New Hampshire’s Senate passed a new casino gambling bill last week – one that they hope might get enough support to pass through the House; a body that has traditionally opposed adding any casinos to the state.
The new bill passed the Senate by a 15-9 vote after just ten minutes of debate. It would allow for two casinos to be built in the state; between them, they would be allowed up to 5,000 slot machines and 240 table games.
Revenue Sharing Provisions Included
In the hopes of gaining some additional support in the House, State Senator Lou D’Allesandro (D-Manchester) – the primary sponsor of the bill – added provisions that would allow local communities to share in the casino profits along with the state.
“The revenue sharing takes care of every citizen, every city and town in New Hampshire,” D’Allesandro said.
The bill includes several features of the legislation that the House voted down just weeks earlier. For instance, the total number of slots allowed is identical. However, splitting those games across two casinos may be an effort to win over those who were worried about a casino monopoly in the state.
Another concern is over where a casino could be located, as well as, interestingly, its nongaming attributes – in this case, its entertainment venue capacities. The bill doesn’t specify a location, but it does protect the state’s largest entertainment venue – the Verizon Wireless Arena in Manchester – by limiting any entertainment seating at a casino to a maximum of 1,500 people.
Opposition Questions Merits of New Bill
But much of the opposition is based on how a casino might change New Hampshire’s quiet, scenic image. And Governor Maggie Hassan (D) has said that while she would support expanded gambling in the state, she is only in favor of adding one casino.
Others questioned whether the promises of revenue sharing would really amount to anything in the long run.

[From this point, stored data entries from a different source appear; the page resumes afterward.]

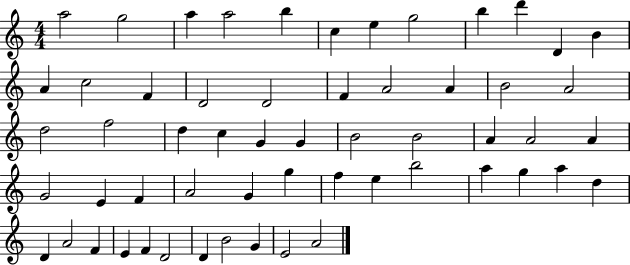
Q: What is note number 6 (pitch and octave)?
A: C5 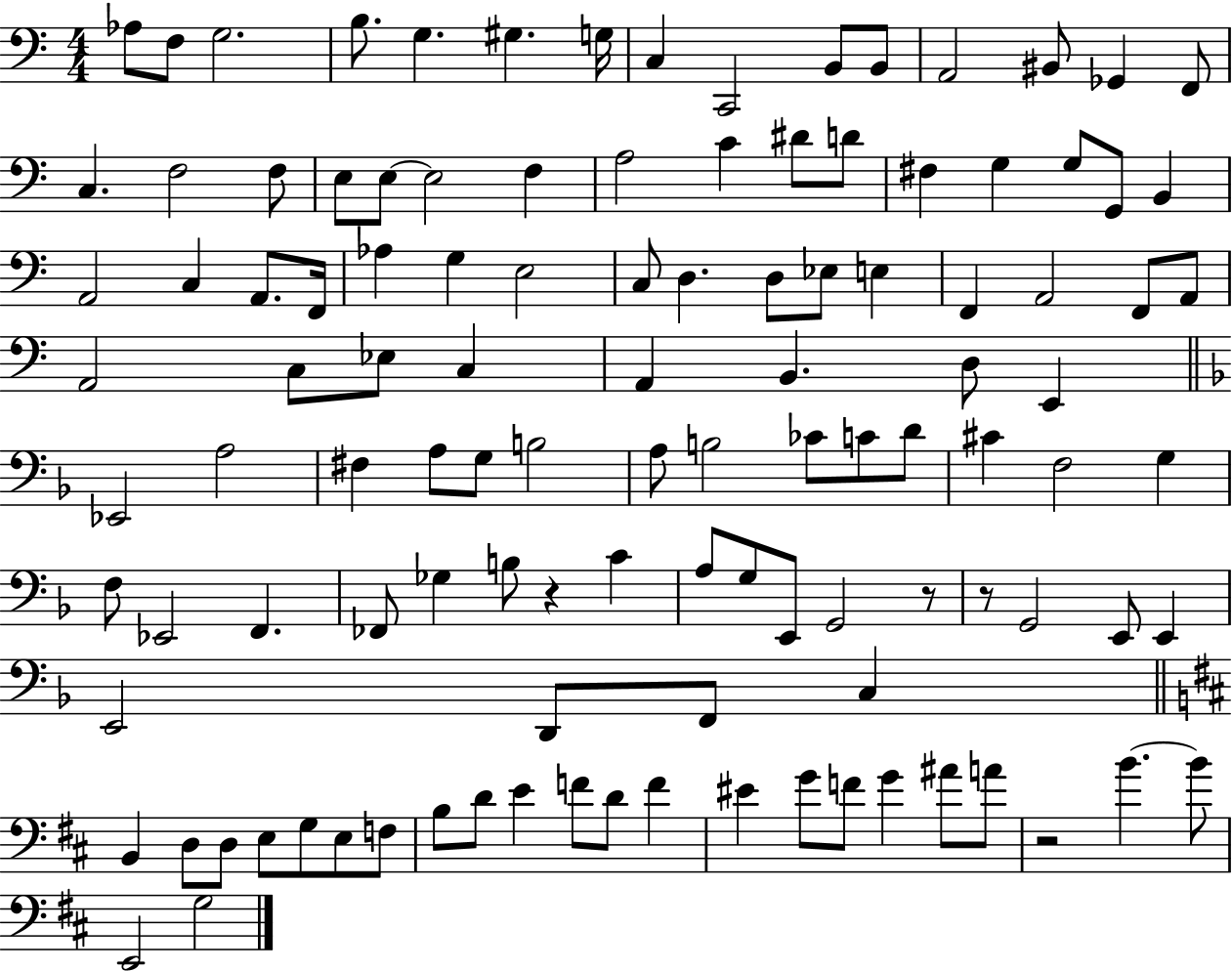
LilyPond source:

{
  \clef bass
  \numericTimeSignature
  \time 4/4
  \key c \major
  aes8 f8 g2. | b8. g4. gis4. g16 | c4 c,2 b,8 b,8 | a,2 bis,8 ges,4 f,8 | \break c4. f2 f8 | e8 e8~~ e2 f4 | a2 c'4 dis'8 d'8 | fis4 g4 g8 g,8 b,4 | \break a,2 c4 a,8. f,16 | aes4 g4 e2 | c8 d4. d8 ees8 e4 | f,4 a,2 f,8 a,8 | \break a,2 c8 ees8 c4 | a,4 b,4. d8 e,4 | \bar "||" \break \key d \minor ees,2 a2 | fis4 a8 g8 b2 | a8 b2 ces'8 c'8 d'8 | cis'4 f2 g4 | \break f8 ees,2 f,4. | fes,8 ges4 b8 r4 c'4 | a8 g8 e,8 g,2 r8 | r8 g,2 e,8 e,4 | \break e,2 d,8 f,8 c4 | \bar "||" \break \key d \major b,4 d8 d8 e8 g8 e8 f8 | b8 d'8 e'4 f'8 d'8 f'4 | eis'4 g'8 f'8 g'4 ais'8 a'8 | r2 b'4.~~ b'8 | \break e,2 g2 | \bar "|."
} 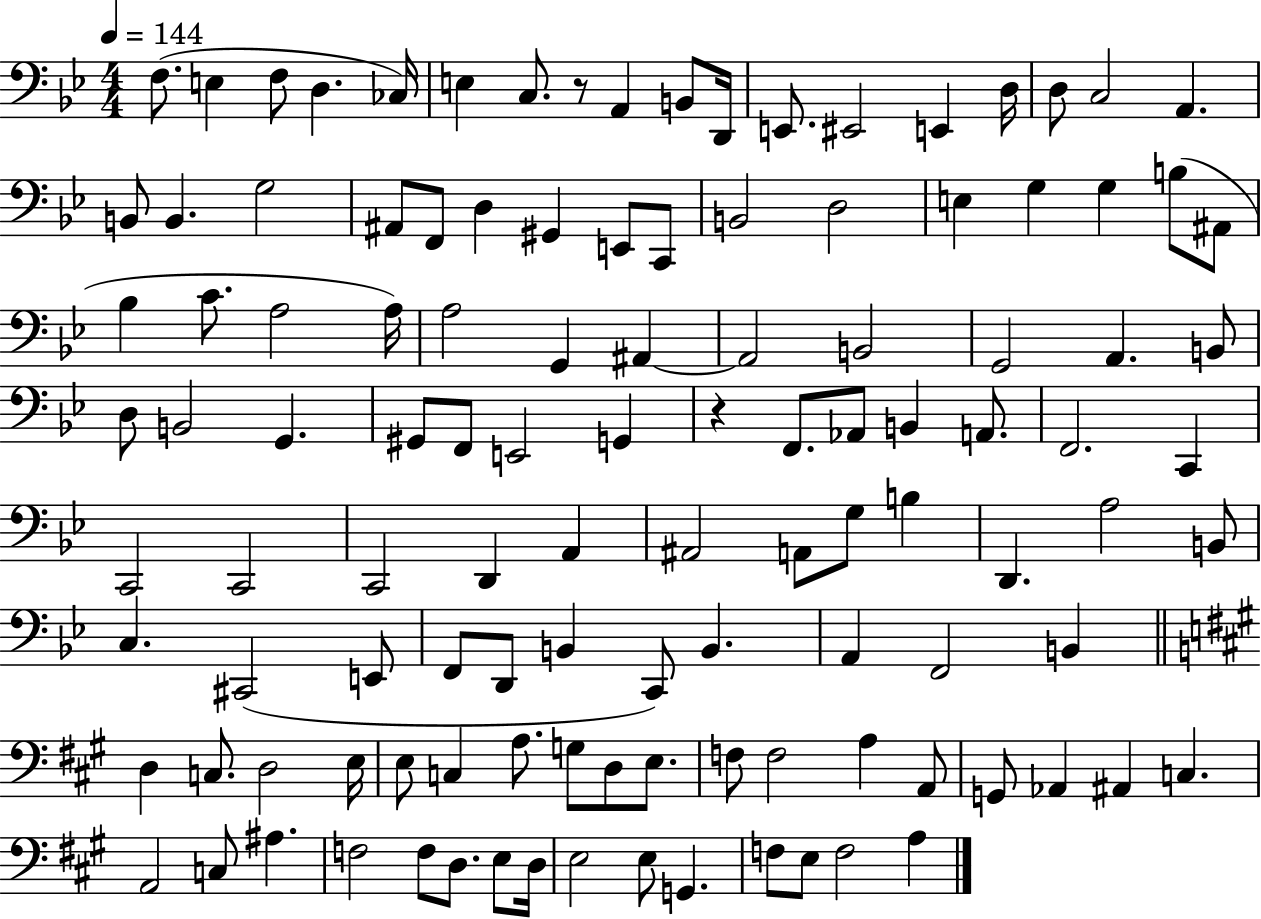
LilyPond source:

{
  \clef bass
  \numericTimeSignature
  \time 4/4
  \key bes \major
  \tempo 4 = 144
  f8.( e4 f8 d4. ces16) | e4 c8. r8 a,4 b,8 d,16 | e,8. eis,2 e,4 d16 | d8 c2 a,4. | \break b,8 b,4. g2 | ais,8 f,8 d4 gis,4 e,8 c,8 | b,2 d2 | e4 g4 g4 b8( ais,8 | \break bes4 c'8. a2 a16) | a2 g,4 ais,4~~ | ais,2 b,2 | g,2 a,4. b,8 | \break d8 b,2 g,4. | gis,8 f,8 e,2 g,4 | r4 f,8. aes,8 b,4 a,8. | f,2. c,4 | \break c,2 c,2 | c,2 d,4 a,4 | ais,2 a,8 g8 b4 | d,4. a2 b,8 | \break c4. cis,2( e,8 | f,8 d,8 b,4 c,8) b,4. | a,4 f,2 b,4 | \bar "||" \break \key a \major d4 c8. d2 e16 | e8 c4 a8. g8 d8 e8. | f8 f2 a4 a,8 | g,8 aes,4 ais,4 c4. | \break a,2 c8 ais4. | f2 f8 d8. e8 d16 | e2 e8 g,4. | f8 e8 f2 a4 | \break \bar "|."
} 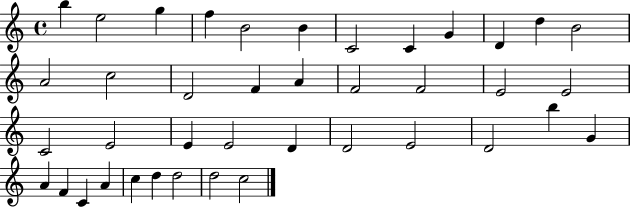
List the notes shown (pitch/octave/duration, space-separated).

B5/q E5/h G5/q F5/q B4/h B4/q C4/h C4/q G4/q D4/q D5/q B4/h A4/h C5/h D4/h F4/q A4/q F4/h F4/h E4/h E4/h C4/h E4/h E4/q E4/h D4/q D4/h E4/h D4/h B5/q G4/q A4/q F4/q C4/q A4/q C5/q D5/q D5/h D5/h C5/h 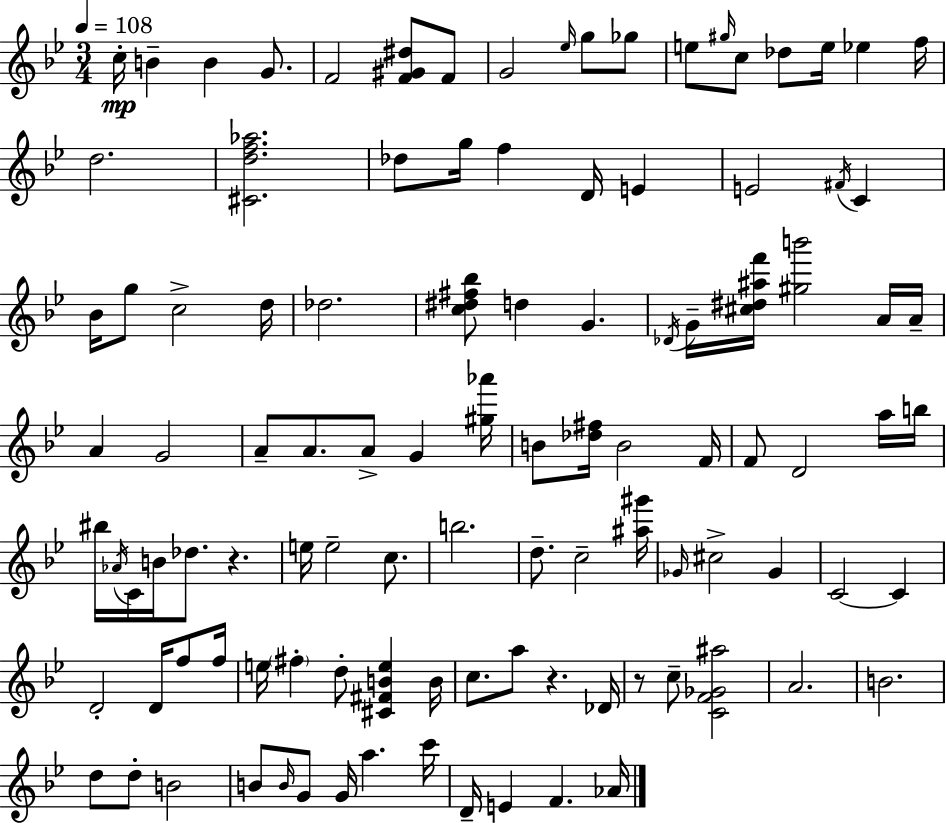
{
  \clef treble
  \numericTimeSignature
  \time 3/4
  \key bes \major
  \tempo 4 = 108
  \repeat volta 2 { c''16-.\mp b'4-- b'4 g'8. | f'2 <f' gis' dis''>8 f'8 | g'2 \grace { ees''16 } g''8 ges''8 | e''8 \grace { gis''16 } c''8 des''8 e''16 ees''4 | \break f''16 d''2. | <cis' d'' f'' aes''>2. | des''8 g''16 f''4 d'16 e'4 | e'2 \acciaccatura { fis'16 } c'4 | \break bes'16 g''8 c''2-> | d''16 des''2. | <c'' dis'' fis'' bes''>8 d''4 g'4. | \acciaccatura { des'16 } g'16-- <cis'' dis'' ais'' f'''>16 <gis'' b'''>2 | \break a'16 a'16-- a'4 g'2 | a'8-- a'8. a'8-> g'4 | <gis'' aes'''>16 b'8 <des'' fis''>16 b'2 | f'16 f'8 d'2 | \break a''16 b''16 bis''16 \acciaccatura { aes'16 } c'16 b'16 des''8. r4. | e''16 e''2-- | c''8. b''2. | d''8.-- c''2-- | \break <ais'' gis'''>16 \grace { ges'16 } cis''2-> | ges'4 c'2~~ | c'4 d'2-. | d'16 f''8 f''16 e''16 \parenthesize fis''4-. d''8-. | \break <cis' fis' b' e''>4 b'16 c''8. a''8 r4. | des'16 r8 c''8-- <c' f' ges' ais''>2 | a'2. | b'2. | \break d''8 d''8-. b'2 | b'8 \grace { b'16 } g'8 g'16 | a''4. c'''16 d'16-- e'4 | f'4. aes'16 } \bar "|."
} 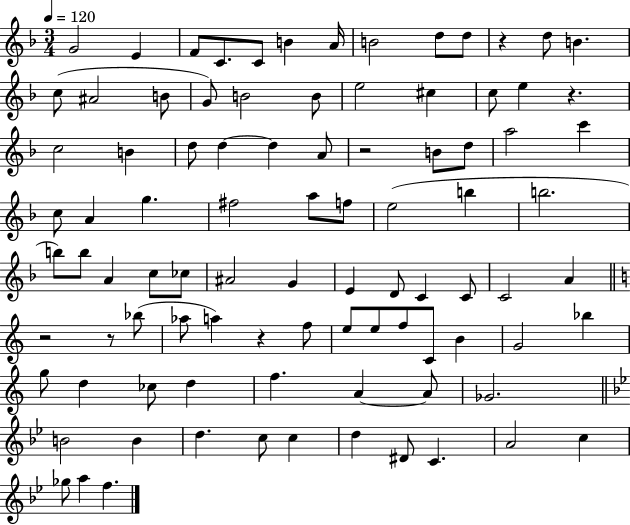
G4/h E4/q F4/e C4/e. C4/e B4/q A4/s B4/h D5/e D5/e R/q D5/e B4/q. C5/e A#4/h B4/e G4/e B4/h B4/e E5/h C#5/q C5/e E5/q R/q. C5/h B4/q D5/e D5/q D5/q A4/e R/h B4/e D5/e A5/h C6/q C5/e A4/q G5/q. F#5/h A5/e F5/e E5/h B5/q B5/h. B5/e B5/e A4/q C5/e CES5/e A#4/h G4/q E4/q D4/e C4/q C4/e C4/h A4/q R/h R/e Bb5/e Ab5/e A5/q R/q F5/e E5/e E5/e F5/e C4/e B4/q G4/h Bb5/q G5/e D5/q CES5/e D5/q F5/q. A4/q A4/e Gb4/h. B4/h B4/q D5/q. C5/e C5/q D5/q D#4/e C4/q. A4/h C5/q Gb5/e A5/q F5/q. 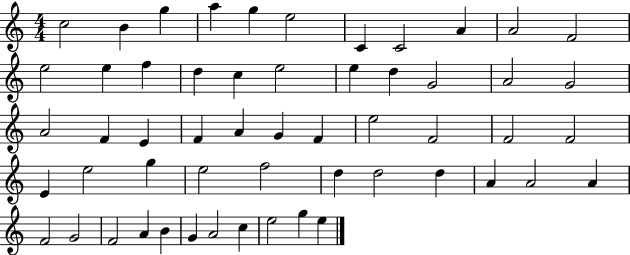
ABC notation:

X:1
T:Untitled
M:4/4
L:1/4
K:C
c2 B g a g e2 C C2 A A2 F2 e2 e f d c e2 e d G2 A2 G2 A2 F E F A G F e2 F2 F2 F2 E e2 g e2 f2 d d2 d A A2 A F2 G2 F2 A B G A2 c e2 g e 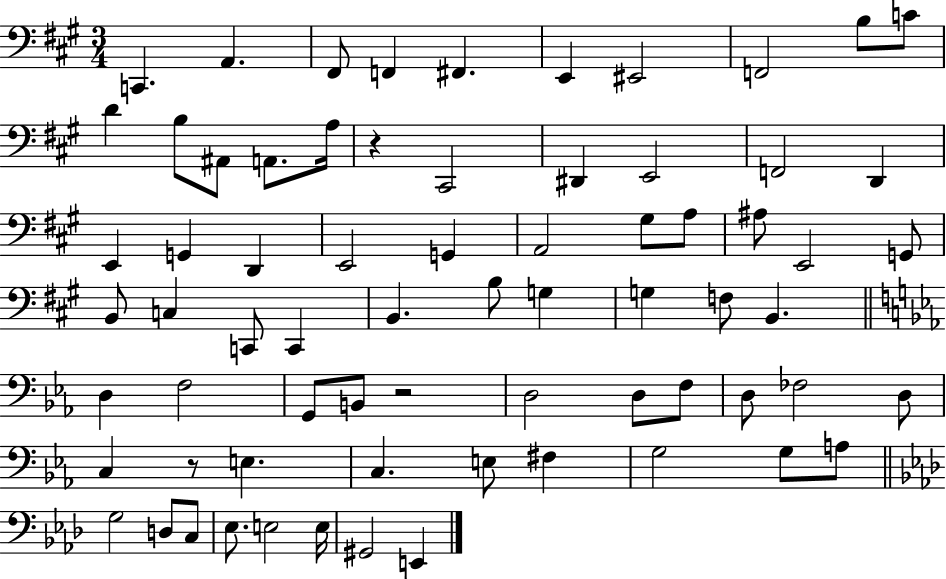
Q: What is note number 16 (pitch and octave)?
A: C#2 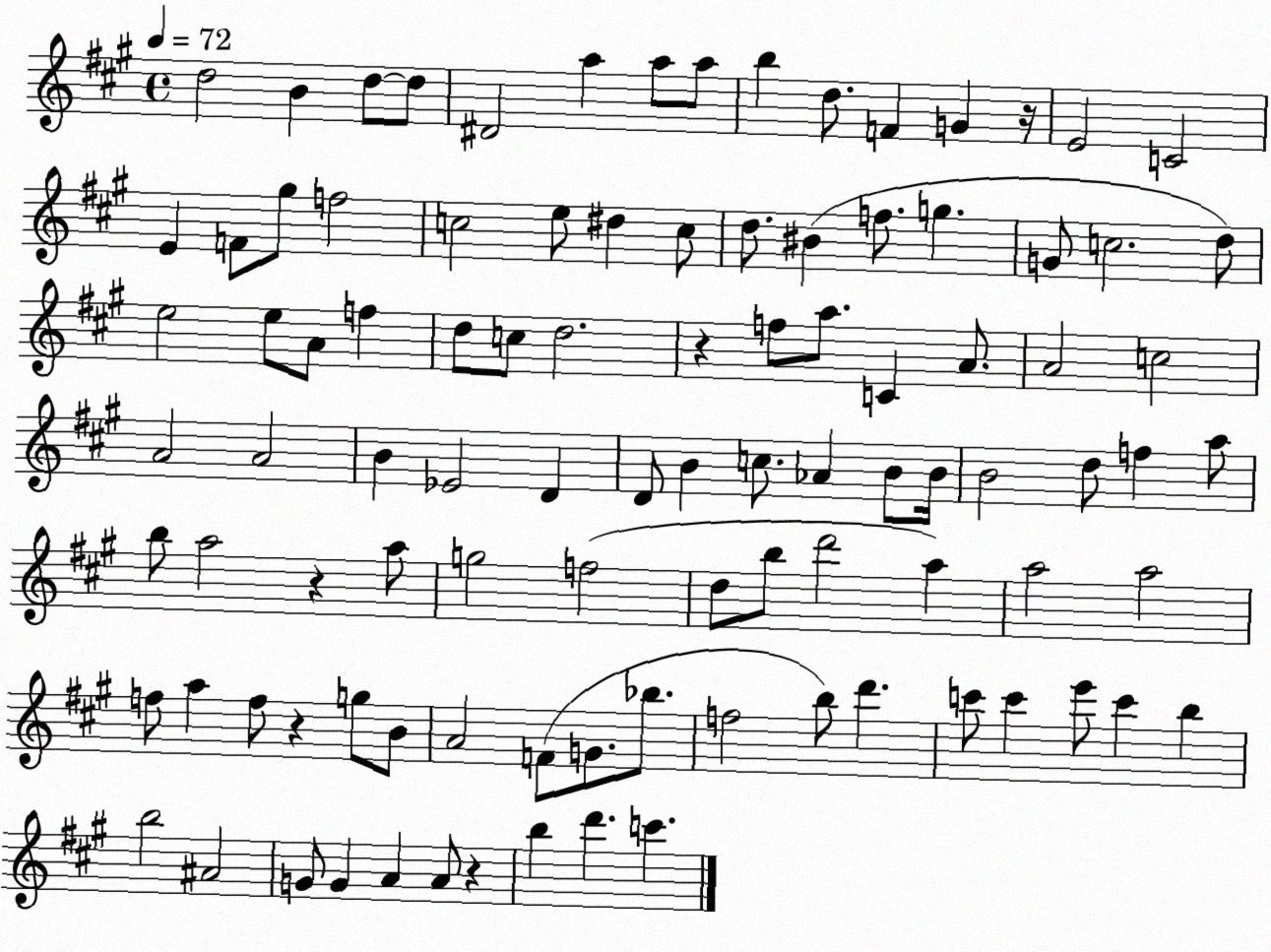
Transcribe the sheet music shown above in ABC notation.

X:1
T:Untitled
M:4/4
L:1/4
K:A
d2 B d/2 d/2 ^D2 a a/2 a/2 b d/2 F G z/4 E2 C2 E F/2 ^g/2 f2 c2 e/2 ^d c/2 d/2 ^B f/2 g G/2 c2 d/2 e2 e/2 A/2 f d/2 c/2 d2 z f/2 a/2 C A/2 A2 c2 A2 A2 B _E2 D D/2 B c/2 _A B/2 B/4 B2 d/2 f a/2 b/2 a2 z a/2 g2 f2 d/2 b/2 d'2 a a2 a2 f/2 a f/2 z g/2 B/2 A2 F/2 G/2 _b/2 f2 b/2 d' c'/2 c' e'/2 c' b b2 ^A2 G/2 G A A/2 z b d' c'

“Every time a bill comes before us it promises a different way to use the revenues,” said State Senator Martha Fuller Clark (D-Portsmouth), adding that future lawmakers could change how such money was utilized.
While the House has consistently blocked such bills, anti-gambling activists are still gearing up for another fight over this casino bill.
“This is nothing more than a bad idea made worse,” said Steve Duprey, spokesperson for a coalition opposing the casino bill.
Spokesman Harold Janeway said that the newest version of the bill showed that supporters wouldn’t be satisfied with just one casino in the state.
“No longer is proliferation a risk – we’ve got it,” Janeway said. “It’s built in and baked into the bill.”
New Revenue Streams Wanted for State
The battle over casino gambling comes at a time when New Hampshire is considering ways to increase revenues. The state would like to raise money to pay for the expansion of Interstate 93, other highway improvements, and to pay down debt. However, the House and Senate have not been able to agree on how to do so.
Other possibilities include an increased gas tax. The Senate recently passed a four-cent increase on that tax, though the House has yet to vote on it.